La metodica follia di un gesto unico
Quello che agli occhi del pubblico è apparso come un atto di pura temerarietà, in realtà è il frutto di un’ossessiva e meticolosa preparazione. Honnold, riconoscibile per la sua caratteristica maglietta rossa, non è uno sportivo impulsivo ma un tecnico della verticalità, capace di memorizzare ogni appiglio, ogni irregolarità della superficie vetrata e metallica della facciata. Come ha osservato uno spettatore presente, Danny Lin, l’atleta si affida a un allenamento smisurato e a una memoria infallibile dei percorsi, trasformando una sfida apparentemente folle in una sequenza di movimenti calcolati al millimetro. La salita, organizzata e trasmessa in diretta da Netflix, ha tenuto col fiato sospeso migliaia di persone, le quali, dopo una iniziale e palpabile tensione, hanno finito per esprimere fiducia nelle capacità quasi sovrumane dello scalatore.
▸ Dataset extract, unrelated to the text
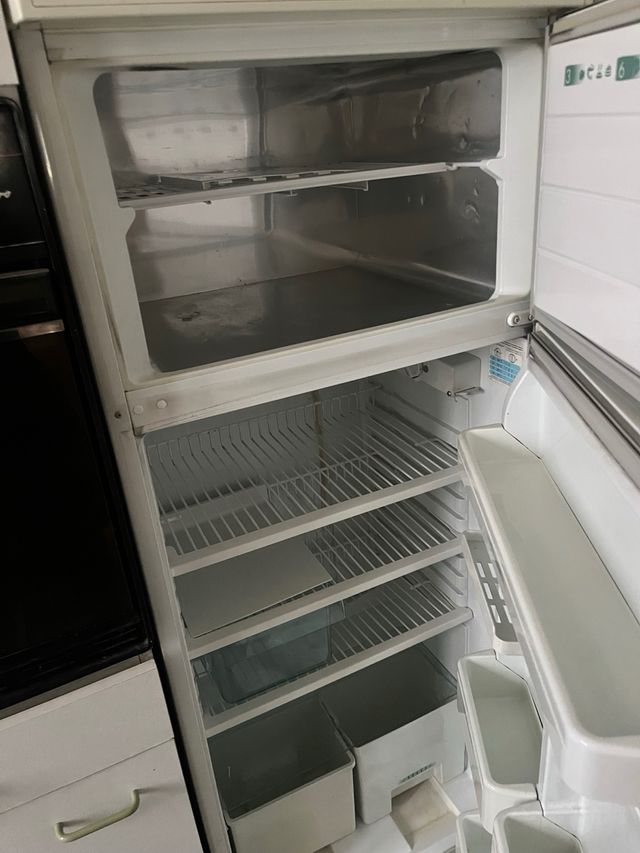 Nevera Ariston con congelador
Un palcoscenico globale per l’arrampicata estrema
Il Taipei 101, che fu l’edificio più alto del mondo dal 2004 al 2010 prima di essere superato dal Burj Khalifa di Dubai, non è solo una delle principali attrazioni turistiche di Taiwan ma è diventato, in questa circostanza, il palcoscenico più pericoloso e spettacolare immaginabile. L’evento, seguito in mondovisione, ha portato la disciplina del “free solo” – la forma più pura e letale di arrampicata, praticata senza corde, senza imbracature e senza alcuna rete di protezione – davanti a un pubblico vastissimo, mostrandone il fascino oscuro e le implicazioni estreme. Raggiunta l’ultima guglia, Honnold ha commentato l’impresa con un semplice “Malato”, prima di scattare un selfie dalla cima, accolto dagli applausi liberatori del pubblico assiepato ai piedi del colosso.
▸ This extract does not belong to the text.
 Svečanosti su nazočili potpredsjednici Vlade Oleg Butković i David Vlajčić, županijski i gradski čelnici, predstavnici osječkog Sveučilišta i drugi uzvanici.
Oltre il limite della percezione comune
La riuscita dell’ascensione, oltre a consacrare definitivamente Alex Honnold come il primo uomo ad aver scalato in solitaria e senza protezioni il gigante di Taipei, pone interrogativi profondi sui confini delle capacità umane e sulla psicologia di chi decide di sfidare la morte in modo così diretto. Si tratta di una performance che trascende lo sport, diventando un atto di pura esplorazione dei limiti della mente e del, dove il successo coincide unicamente con la sopravvivenza. La pericolosissima impresa, conclusasi con un abbraccio simbolico alla struttura dopo un’ora e mezza di arrampicata, rimarrà come un punto di riferimento assoluto, una di quelle gesta che, per la loro radicalità, dividono l’opinione tra chi vi vede l’apice dell’espressione atletica e chi, invece, vi scorge un azzardo incomprensibile.